**Problem to work on**
Print nothing but the lines below starting at the line that holds "Cartel de Blossoms Shanghai" and ending at the line that holds "Instagram.com/alyssadaguise", including both, each exactly as written.

**Supplied records**
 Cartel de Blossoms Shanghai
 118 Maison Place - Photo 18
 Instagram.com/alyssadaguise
==
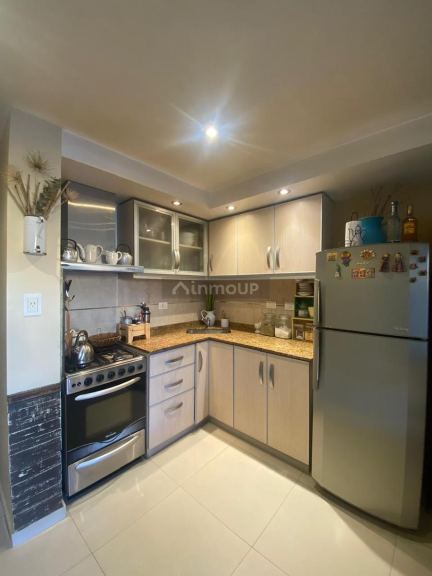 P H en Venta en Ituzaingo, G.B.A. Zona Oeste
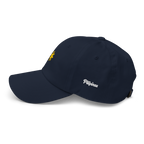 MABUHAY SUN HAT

**Task response**
 Cartel de Blossoms Shanghai
 118 Maison Place - Photo 18
 Instagram.com/alyssadaguise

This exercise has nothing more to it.